# Positioning items to maximize separation

Say we want to place n items on the real line. Let us denote the position of item i by $$p_i$$. We have interval constraints on the position $$p_i$$, i.e. we are given $$l_i, r_i$$ such that $$l_i \le p_i \le r_i$$. My problem is: given a specific item s, how do I compute the maximum gap possible to the right of s? By maximum gap to the right of s I mean the distance between s and the next item to its right.

### Mathematical Description:

More formally, given $$s \in [n]$$, and $$(l_i,r_i)$$ for $$i\in[n]$$ I want to find $$f(s) = \max_{p_1,\dots,p_n} p_t - p_s$$ subject to \begin{align*} 1)\,& l_i \le p_i \le r_i\, \forall\,i \in [n] \\ 2)\,& \forall\,i\ne s,t, \text{ either } p_i \le p_s \text{ or }p_i \ge p_t \text{ (there is no item between s and t)} \end{align*}

In the absence of the second constraint the problem would have been a linear program. The second constraint makes it difficult.

I know how to model this question as an integer program (see https://bit.ly/2Jhf7kJ), but I am interested in an actual algorithm.

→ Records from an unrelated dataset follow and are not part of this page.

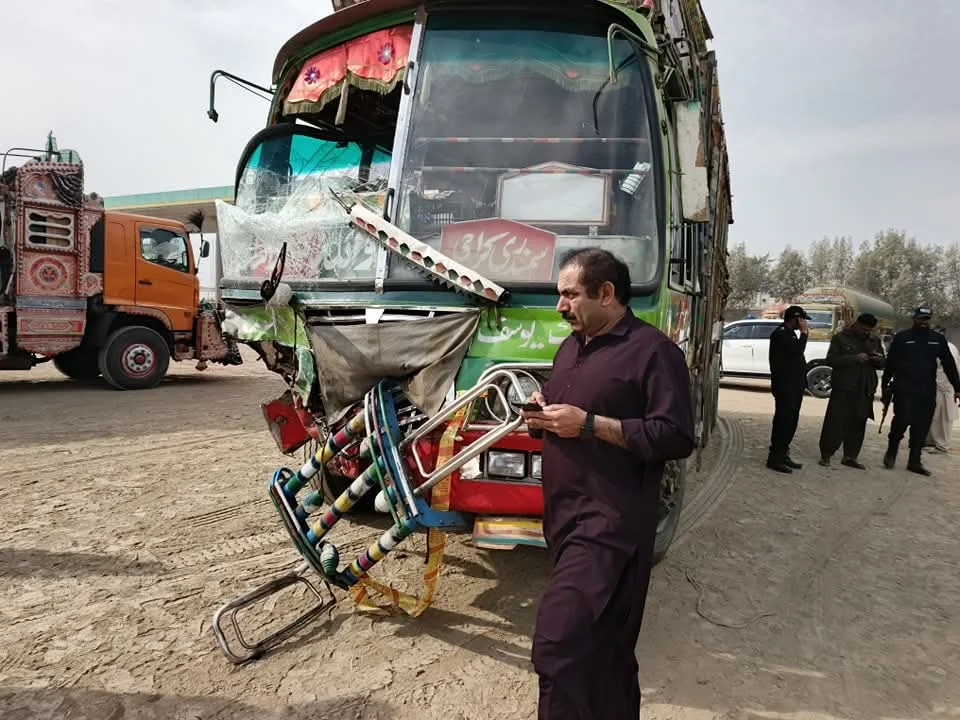 ملتان:حسن سوالی چوک پر ٹریفک حادثہ ،6 افراد جاں بحق ، 8 زخمی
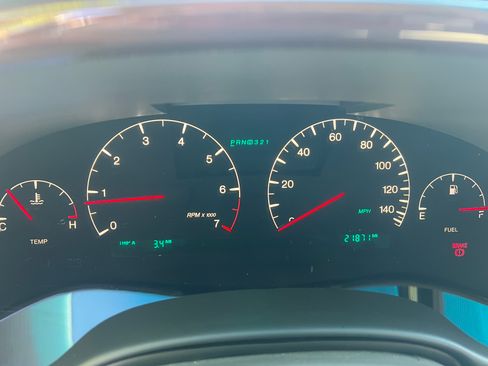 Used 2001 Cadillac De Ville DHS w/ Safety/Security Pkg FWD image 4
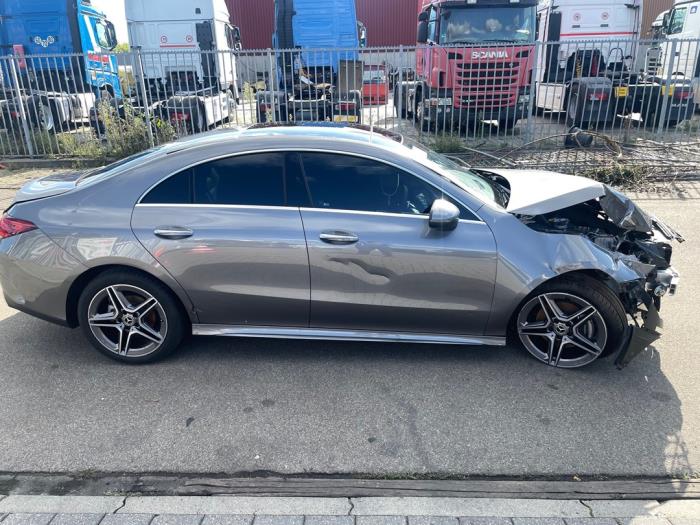 Mercedes CLA 1.3 CLA-180 Turbo 16V Sloopvoertuig (2021, Grijs)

Given a specific item $$s$$, how do I compute the maximum gap possible to the right of $$s$$? By maximum gap to the right of $$s$$ I mean the distance between $$s$$ and the next item to its right.
First note that items that are to the left of $$s$$ don't hurt us in any way, so if it is possible to put an item to the left of $$s$$, do so. Then we note that if an item can't go to the left of $$s$$ we want it as far to the right as possible.
The conclusion? Each item is always at either its left or right boundary, with the exception of $$s$$. And once you know the position of $$s$$ you'll also know all the other positions.
So just loop over each interesting position of $$s$$, discard all items that can go on the left, and then choose the closest item on the right. Out of these closest items, which ever is the furthest is your answer (or well, it's associated position of $$s$$).
Now what are the interesting positions of $$s$$? Well it's each time you can put another item to the left of $$s$$. So it's all the left boundaries (plus one epsilon) of items that fall within $$[l_s, r_s]$$, and $$l_s$$ itself.